15 1. The opinion of the Court of Appeal that the contested notice (no. 1) was lawful in application of section 26a (1) first and second sentence, section 31 (4) AsylG on the ground that the applicant entered Germany via Austria and thus from a safe third country within the meaning of article 16a (2) first sentence GG (section 26a (1) first and second sentence, section 31 (4) AsylG) violates federal law. The findings based on the national third-country provisions to the effect that the claimant is not entitled to asylum under sections 26a, 31 (4) first sentence AsylG on account of his entry from a safe third country is unlawful.

16 1.1. The contested decision is to be measured against the standard of section 29 (1) no. 3 AsylG, in the version of the Integration Act (Integrationsgesetz) of 31 July 2016 (Federal Law Gazette (BGBl., Bundesgesetzblatt) I p. 1939), which entered into force on 6 August 2016 during the appeal proceedings. This is because, at least since the insertion of this provision, an application for asylum with regard to a safe third country can no longer be rejected "only pursuant to section 26a AsylG", but only by way of an inadmissibility decision under section 29 (1) no. 3 (in conjunction with section 26a) AsylG, with due regard for the requirements stipulated therein. (...) This is already suggested by systematic interpretation. Section 29 (1) AsylG clearly serves to implement (by concentration) the (optional) grounds for inadmissibility laid down in Directive 2013/32/EU of the European Parliament and of the Council of 26 June 2013 on common procedures for granting and withdrawing international protection (OJ L 180 p. 60). (...) The requirement, previously stipulated in section 31 (4) first sentence AsylG, to find that the foreign national is not entitled to asylum when the asylum application is rejected solely on the basis of the provision on safe third countries (section 26a AsylG), has been deleted by the Integration Act. The reason given in the draft act is that this finding was no longer necessary; rather, the application was to be rejected as inadmissible under section 29 (1) no. 3 AsylG (Bundestag printed paper (BT-Drs., Bundestagsdrucksache) 18/8615 p. 52). (...)

17 The applicability of section 29 (1) no. 3 AsylG to the present dispute is not precluded by the transitional provision in article 52 (1) of Directive 2013/32/EU. Under this provision, Member States shall apply the laws, regulations and administrative provisions referred to in article 51 (1) of the Directive to applications for international protection formally lodged after 20 July 2015 or an earlier date.
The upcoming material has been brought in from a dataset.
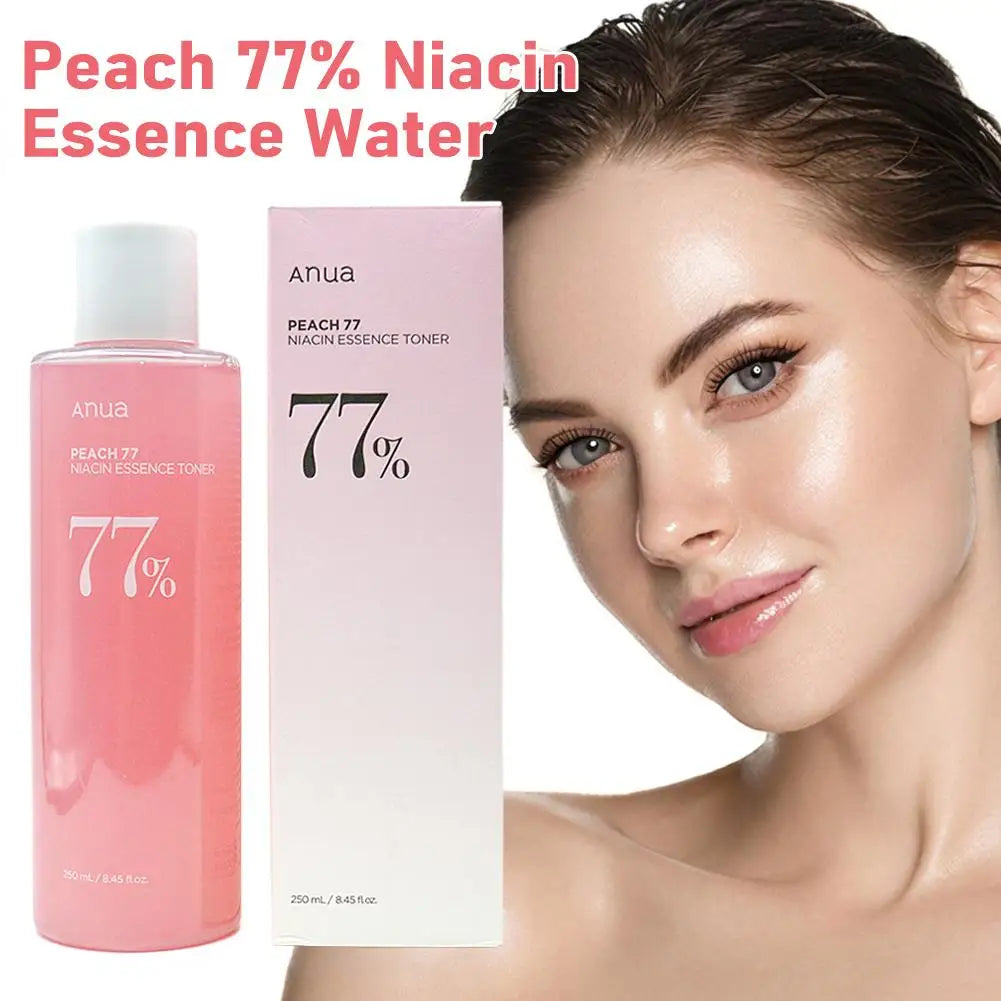 Anua Peach 77% Niacinamide Toner Brightening Skin Tone Anti-Aging Essence Moisturizing Calming Sensitive Skin Essence Skin Care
Applications formally lodged before that date and procedures for withdrawing refugee status started before that date shall be governed by the laws, regulations and administrative provisions adopted pursuant to Directive 2005/85/EC. In the present case, the asylum application was lodged before 20 July 2015. However, the Court of Justice has interpreted this transitional provision in answering the question raised in the Senate's decision to request a preliminary ruling on article 33 (2) (a) of Directive 2013/32/EU (implemented by section 29 (1) no. 2 AsylG) as allowing a Member State (by virtue of the phrase "or an earlier date" in the first sentence) to provide for application, with immediate effect, of the national provision implementing article 33 (2) (a) of the Directive to asylum applications on which no legally binding decision has been made and which were lodged before 20 July 2015 and before the national provision entered into force (CJEU judgment of 19 March 2019 - C-297/17 et al. - para. 64 et seq, 69, 74). The requirements of legal certainty and equality before the law are safeguarded in Germany by section 77 (1) first sentence AsylG, which ensures that applications for international protection, which have been lodged in the course of the same period in German territory and on which no legally binding decision has been made at the time of the entry into force of section 29 (1) no. 2 AsylG, are examined in a predictable and uniform manner (CJEU, judgement of 19 March 2019 - C-297/17 et.al - para. 66 - 68). It follows from these statements that, in the present dispute, there are no objections under EU law to apply section 29 (1) no. 3 AsylG ratione temporis either.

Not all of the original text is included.